His work ethic inspired those around him. “His desire to make things bigger and better, his high standards and ‘nothing-is-impossible’ attitude distinguished him from others,” she added.
Sudirman was also way ahead of his time. “He knew very early on that when people buy your products (CDs, cassettes, vinyl), especially music, then they would probably be potential live audiences for your shows. He understood that you have to be a visual performer and can’t just stand there and sing,” intimated Dharanee.
Likewise, his expansion plans into merchandising. Sudirman invested in canned drinks under the Sudi banner as well as a range of clothing apparel.

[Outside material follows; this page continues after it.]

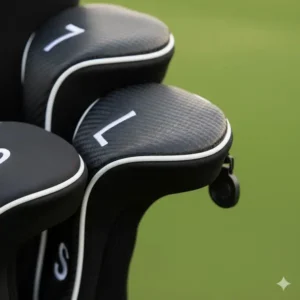 Klar lesbare Nummerierung (z.B. '7') auf einem einzelnen golf eisen headcover set zur einfachen Schlägeridentifikation.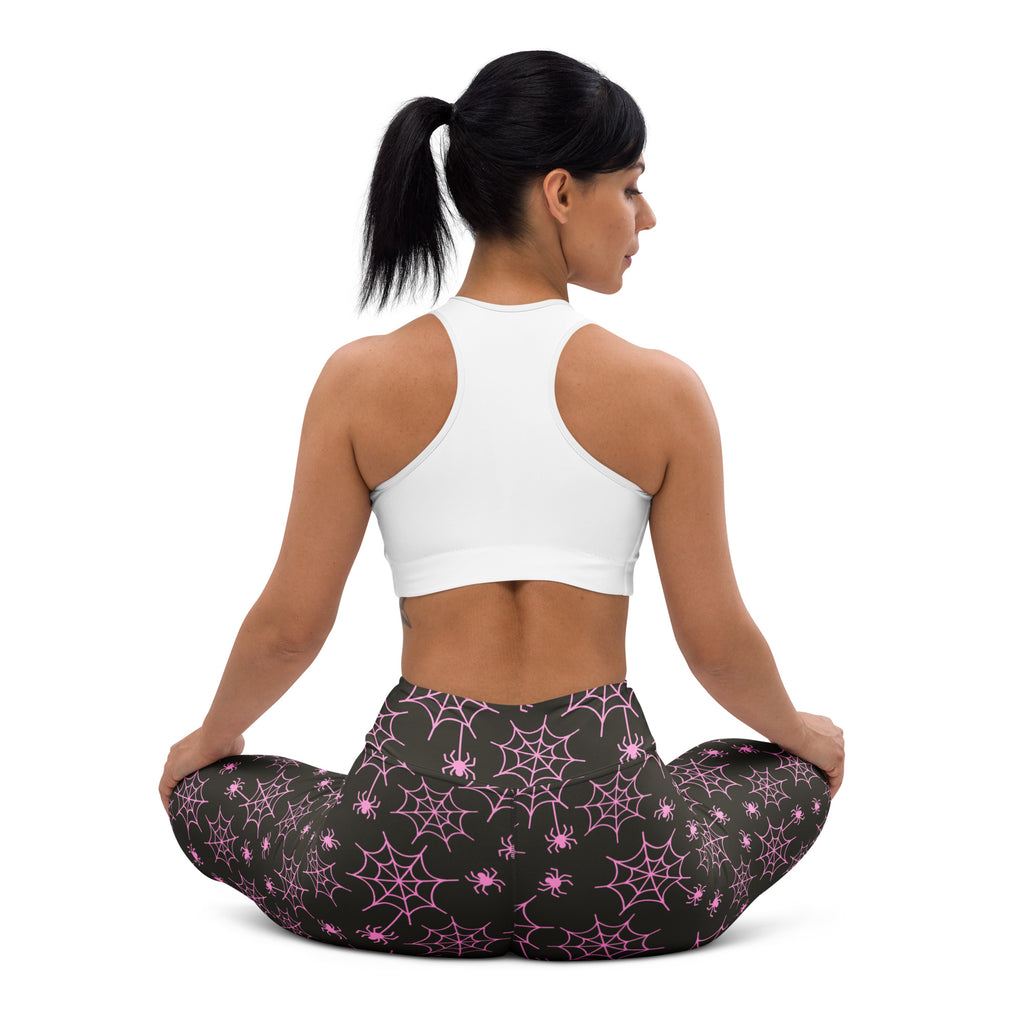 Women's Pink Spider Web Buttery Soft Yoga Leggings - Quick Drying, High Waisted Comfort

To this day, his death is shrouded in mystery, though the circumstances have been an open secret. While performing a show in Butterworth, Penang, he collapsed from an apparent stroke and never performed again through the months leading up to his end. The official cause of death is said to be cerebrovascular disease. But to ponder on his demise is missing the point.
Sudirman checked into this world on May 25, 1954, and checked out on Feb 22, 1992. All he had was 37 brief years, yet his legacy and love reverberates through every sinew of Malaysia’s modern entertainment culture, even if it doesn’t get the acknowledgement it should.
Some individuals simply defy words – entertainers like Elvis Presley, Michael Jackson and Sudirman are in a league of their own. And fortunately for us all, they chose us to entertain, and the world has been a better place for it. Their presence is sorely missed and their absence, painfully felt, but the memory of the departed lives on.
■ Sudirman Arshad premieres on Sunday on History (Astro Channel 555) at 10pm. Encores are on Feb 22 (11pm), Feb 23 (9pm), March 1 (7pm), March 11 (11pm) and March 13 (7pm).